We will need the symmetric \(3\times 3\) inertia matrix of \(\mathcal {B}_i\)

$$\begin{aligned} I_i= \int _{\mathcal {B}_i}\left( |Q_i|^2\mathbb {I}- Q_i Q_i^T\right) \,dm_i, \end{aligned}$$
(1)

where \(\mathbb {I}\) is the \(3\times 3\) identity matrix. To avoid degenerate situations we will assume that the mass distributions are such that the matrices \(I_i\) are all invertible. This excludes point masses and one-dimensional mass distributions.

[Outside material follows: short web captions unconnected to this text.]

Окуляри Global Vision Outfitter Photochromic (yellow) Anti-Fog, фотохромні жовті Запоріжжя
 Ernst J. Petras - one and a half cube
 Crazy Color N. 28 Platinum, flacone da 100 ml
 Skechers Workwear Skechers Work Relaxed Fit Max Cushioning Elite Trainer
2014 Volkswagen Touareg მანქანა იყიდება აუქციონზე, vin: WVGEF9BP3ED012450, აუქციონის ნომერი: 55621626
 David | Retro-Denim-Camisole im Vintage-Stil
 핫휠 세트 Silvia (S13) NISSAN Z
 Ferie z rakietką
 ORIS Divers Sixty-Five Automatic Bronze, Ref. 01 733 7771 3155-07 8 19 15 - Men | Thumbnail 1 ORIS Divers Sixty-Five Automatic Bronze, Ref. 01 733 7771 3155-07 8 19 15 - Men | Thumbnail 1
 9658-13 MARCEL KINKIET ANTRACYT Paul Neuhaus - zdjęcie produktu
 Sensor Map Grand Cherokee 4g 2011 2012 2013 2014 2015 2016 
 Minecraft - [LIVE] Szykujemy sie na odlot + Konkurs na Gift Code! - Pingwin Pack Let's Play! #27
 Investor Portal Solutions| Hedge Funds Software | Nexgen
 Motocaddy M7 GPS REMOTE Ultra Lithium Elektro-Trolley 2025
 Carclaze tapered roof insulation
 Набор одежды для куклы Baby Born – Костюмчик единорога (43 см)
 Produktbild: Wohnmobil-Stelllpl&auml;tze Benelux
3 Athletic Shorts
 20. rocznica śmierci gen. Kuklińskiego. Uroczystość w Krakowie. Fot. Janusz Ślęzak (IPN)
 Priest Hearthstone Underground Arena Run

The position and orientation of the body with respect to the inertial coordinates, \(x\in \mathbb {R}^3\) is given by a time-dependent Euclidean transformation \(E_i(t)\) where

$$\begin{aligned} x(t,Q_i) =E_i(t)(Q_i) = A_i(t) Q_i + q_i(t),\qquad Q_i\in \mathcal {B}_i. \end{aligned}$$
(2)

The rotation matrix \(A_i(t)\in \mathbf {SO}(3)\) describes the orientation of the body and \(q_i(t)\in \mathbb {R}^3\) is the center of mass in the inertial system.

The positions and orientations of all of the bodies is given by \(Z = (q_1,\ldots ,q_n,A_1,\ldots ,A_n) \in \mathbb {R}^{3n}\times \mathbf {SO}(3)^n\). The configuration space will be the open subset of \( \mathbb {R}^{3n}\times \mathbf {SO}(3)^n\) where the bodies are disjoint

$$\begin{aligned} \tilde{\mathcal {U}}= \{Z: E_i(\mathcal {B}_i)\cap E_j(\mathcal {B}_j) = \emptyset ,\quad i\ne j \}. \end{aligned}$$

The gravitational interaction is governed by the Newtonian potential function. For each pair of indices (ij), \(i\ne j\), there is a mutual potential

$$\begin{aligned} U_{ij}(q_i,q_j,A_i,A_j) = \int _{\mathcal {B}_i}\int _{\mathcal {B}_j}\frac{dm_i\,dm_j}{|q_i-q_j+A_i Q_i-A_j Q_j|} \end{aligned}$$

which involves integrals over each body. The Newtonian potential is given by

$$\begin{aligned} U(Z) = \sum _{i<j}U_{ij}. \end{aligned}$$

This is a well-defined, smooth, positive function \(U:\tilde{\mathcal {U}}\rightarrow \mathbb {R}\). Although we are calling U(Z) the Newtonian potential, the potential energy of the system is \(-U(Q)\).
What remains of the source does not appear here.